EPA Overreach Still On Hold As Courts Consider Regulation
President Obama on Tuesday vetoed the congressional resolution of disapproval passed to overturn the Waters of the United State rule. The Washington Times reported that the measure that would have blocked the EPA rule establishing “federal authority over small waterways such as wetlands and ponds.” In his veto message to Congress, Obama said the rule was “critical to our efforts to protect the nation’s waters and keep them clean.” He added, “Because this resolution seeks to block the progress represented by this rule and deny businesses and communities the regulatory certainty and clarity needed to invest in projects that rely on clean water, I cannot support it.” USA Today reported that Iowa Sen. Joni Ernst (R), sponsor of the regulation, “said she would continue to look for ways to undermine the rule.” Ernst said in a statement: “This rule is not about clean water.

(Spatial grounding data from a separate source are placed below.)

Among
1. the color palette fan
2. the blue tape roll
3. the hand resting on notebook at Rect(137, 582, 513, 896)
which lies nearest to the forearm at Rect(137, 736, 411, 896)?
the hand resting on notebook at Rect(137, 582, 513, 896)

Rather, it is about how much authority the federal government and unelected bureaucrats should have to regulate what is done on private land.”
What Happens Next
The Senate passed the resolution by a vote of 53-44 and the House approved it 253-166. Because the resolution lacked two-thirds majorities, any effort to overturn the President’s veto would symbolic. A Federal court has enjoined enforcement of the rule pending its review in the court system.

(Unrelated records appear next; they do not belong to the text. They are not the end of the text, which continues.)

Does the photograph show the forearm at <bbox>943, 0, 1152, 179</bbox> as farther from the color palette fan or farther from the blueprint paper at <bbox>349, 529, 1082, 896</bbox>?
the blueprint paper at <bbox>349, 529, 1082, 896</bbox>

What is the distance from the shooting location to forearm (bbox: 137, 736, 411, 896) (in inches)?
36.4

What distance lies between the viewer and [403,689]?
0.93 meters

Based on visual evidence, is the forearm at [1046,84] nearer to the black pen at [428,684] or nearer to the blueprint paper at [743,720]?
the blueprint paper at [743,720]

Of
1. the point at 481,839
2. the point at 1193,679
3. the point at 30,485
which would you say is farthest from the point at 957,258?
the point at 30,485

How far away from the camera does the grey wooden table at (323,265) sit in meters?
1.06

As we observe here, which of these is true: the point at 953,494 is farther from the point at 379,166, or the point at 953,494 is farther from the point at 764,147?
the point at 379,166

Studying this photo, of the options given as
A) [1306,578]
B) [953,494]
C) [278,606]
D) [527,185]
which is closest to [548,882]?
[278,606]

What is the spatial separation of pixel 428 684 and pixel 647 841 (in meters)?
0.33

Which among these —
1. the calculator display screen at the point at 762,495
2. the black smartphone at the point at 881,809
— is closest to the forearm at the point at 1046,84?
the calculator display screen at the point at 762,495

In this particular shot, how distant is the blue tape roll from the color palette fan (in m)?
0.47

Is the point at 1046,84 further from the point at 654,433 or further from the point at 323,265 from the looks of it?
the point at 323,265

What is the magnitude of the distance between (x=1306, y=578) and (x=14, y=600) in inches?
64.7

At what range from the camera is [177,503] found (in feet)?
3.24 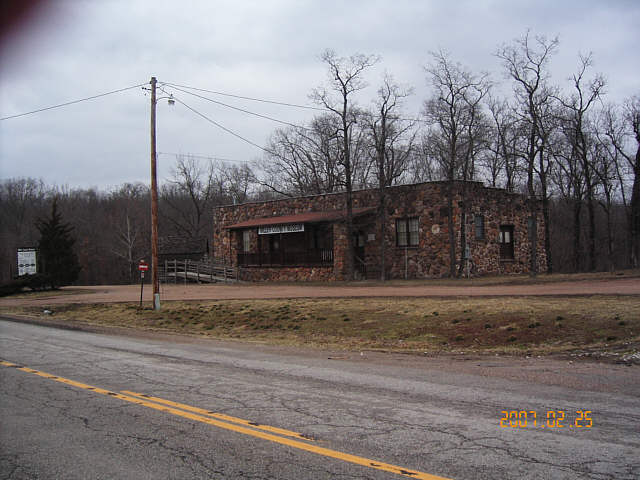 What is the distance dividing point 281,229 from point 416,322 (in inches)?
835

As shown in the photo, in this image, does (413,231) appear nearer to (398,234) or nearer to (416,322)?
(398,234)

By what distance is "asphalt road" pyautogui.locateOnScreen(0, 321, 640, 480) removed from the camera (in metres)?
5.12

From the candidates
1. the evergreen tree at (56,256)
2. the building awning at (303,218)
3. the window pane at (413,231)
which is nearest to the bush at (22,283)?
the evergreen tree at (56,256)

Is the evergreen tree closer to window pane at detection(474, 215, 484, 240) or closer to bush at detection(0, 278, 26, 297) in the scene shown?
bush at detection(0, 278, 26, 297)

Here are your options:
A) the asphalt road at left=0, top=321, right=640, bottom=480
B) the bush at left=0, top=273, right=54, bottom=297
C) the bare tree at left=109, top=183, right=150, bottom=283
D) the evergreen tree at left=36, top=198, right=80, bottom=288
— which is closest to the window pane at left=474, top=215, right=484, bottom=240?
the asphalt road at left=0, top=321, right=640, bottom=480

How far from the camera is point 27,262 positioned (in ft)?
112

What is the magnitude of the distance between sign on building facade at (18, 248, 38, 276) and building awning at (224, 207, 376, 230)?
39.2ft

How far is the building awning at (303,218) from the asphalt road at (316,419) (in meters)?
21.9

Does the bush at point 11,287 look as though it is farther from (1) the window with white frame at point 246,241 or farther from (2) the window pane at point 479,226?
(2) the window pane at point 479,226

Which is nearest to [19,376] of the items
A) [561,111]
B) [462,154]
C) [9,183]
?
[462,154]

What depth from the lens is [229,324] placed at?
18.0 meters

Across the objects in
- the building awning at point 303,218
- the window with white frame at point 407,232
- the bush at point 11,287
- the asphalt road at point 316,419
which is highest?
the building awning at point 303,218

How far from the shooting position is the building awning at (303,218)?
1288 inches

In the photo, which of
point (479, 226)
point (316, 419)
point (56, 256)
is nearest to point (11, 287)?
point (56, 256) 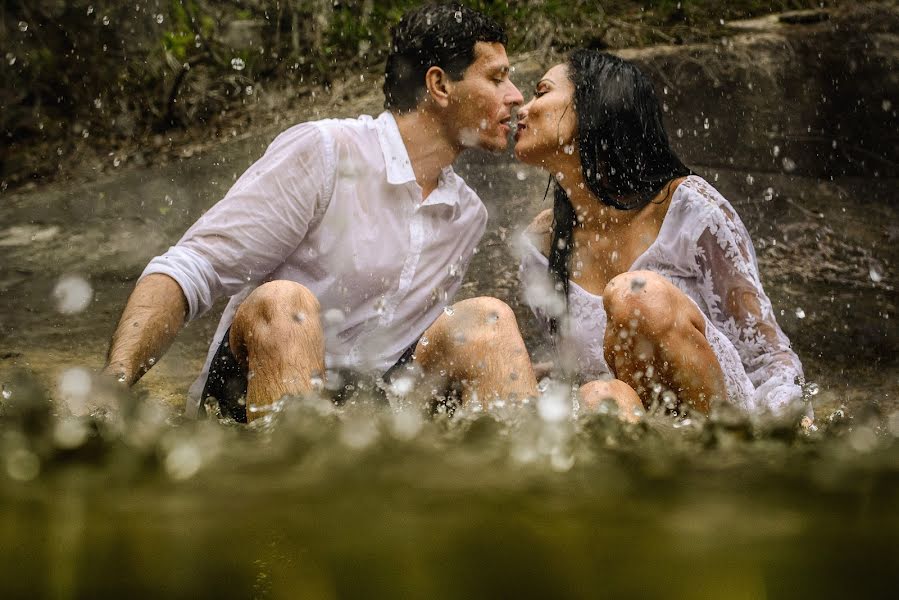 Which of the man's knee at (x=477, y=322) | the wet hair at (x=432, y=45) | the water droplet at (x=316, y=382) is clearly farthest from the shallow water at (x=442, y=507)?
the wet hair at (x=432, y=45)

What This Means For Small Business
The Waters of the United States rule is a prime example of the current administration’s excessive approach to regulation. The rule could extend federal jurisdiction to “puddles, wet areas and other water and land that was never meant to have federal control,” The Hill reported, and “farmers, developers and other land users say that the rule would require federal permits for simple, everyday tasks like digging ditches and spraying pesticides.” The rule would add an additional burden on small businesses.
The NFIB previously reported on the Waters of the United States rule.
Note: this article is intended to keep small business owners up on the latest news. It does not necessarily represent the policy stances of NFIB.